2009-06-15 18:34:47 | 将棋雑考
金曜サロンの会員であるI氏が言うには、本日6月15日は、故・村山聖(さとし)九段の生誕日だそうだ。村山九段は1969(昭和44)年生まれ。1998(平成10)年8月8日、29歳で夭折。もし生きていれば、きょうで40歳になったわけだ。
「この棋士が長生きしていれば、将棋界の歴史が変わっただろう」というケースがある。1970(昭和45)年、36歳の若さで急逝した山田道美九段はその筆頭であろう。
村山九段もA級に昇級し、タイトル戦にも登場した俊英である。もし存命ならば、将棋界の勢力地図が変わっていたに違いない。
あれは村山九段が奨励会二段のときだったか、将棋専門誌に彼が紹介されたとき、少年らしからぬキリッとした面構えに、この男はタダモノではない、将来タイトルのひとつやふたつは獲るだろう、と唸った覚えがある。
プロ棋士にデビューしてからの、村山九段の活躍は記すまでもない。終盤の読みが正確で、「終盤は村山に聞け」と謳われたものだった。
惜しむらくは、村山九段は難病という爆弾を抱えていた。しかし村山九段は病をおして対局に全精力を傾けた。その情熱には、頭が下がる。
やがて病が進行し、入院。村山九段が昏睡状態に陥ったとき、うわ言で「2七銀…」と叫んだと聞く。村山九段の頭の中には、将棋しかなかったのだ。

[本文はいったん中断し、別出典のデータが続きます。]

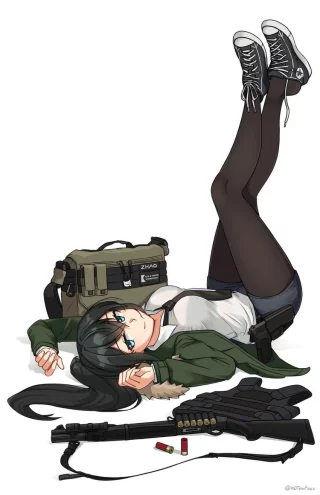 Vivian Zhao [Artist\'s Original]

もっと将棋を指したかっただろう。心行くまで指したかっただろう。それを思えば、大事な将棋を負けても、引退しても、再び将棋が指せる私たちは、なんと幸せなことか。
そんな村山九段が亡くなって、来年で13回忌になる。時の経つことの早さをあらためて思う。そこでひとつ、夢のような提案がある。2010(平成22年)年8月8日、詰将棋作家有志に「追悼詰将棋」を競作してもらいたいのだ。
ただしこの詰将棋、ひとつ条件がある。最終手を「▲2七銀」にしてほしい。
▲2七銀が最終手ということは、入玉形の可能性もある。しかも小駒でのトドメ。むろん村山九段を納得させるような、芸術的な手順でなければならぬ。これ、簡単なようで、なかなか難しいと思う。
「あなたたちに、この詰将棋が創れますか?」
昏睡状態の中で、村山九段が詰将棋作家に突きつけた挑戦状。皆さんで受けてみませんか?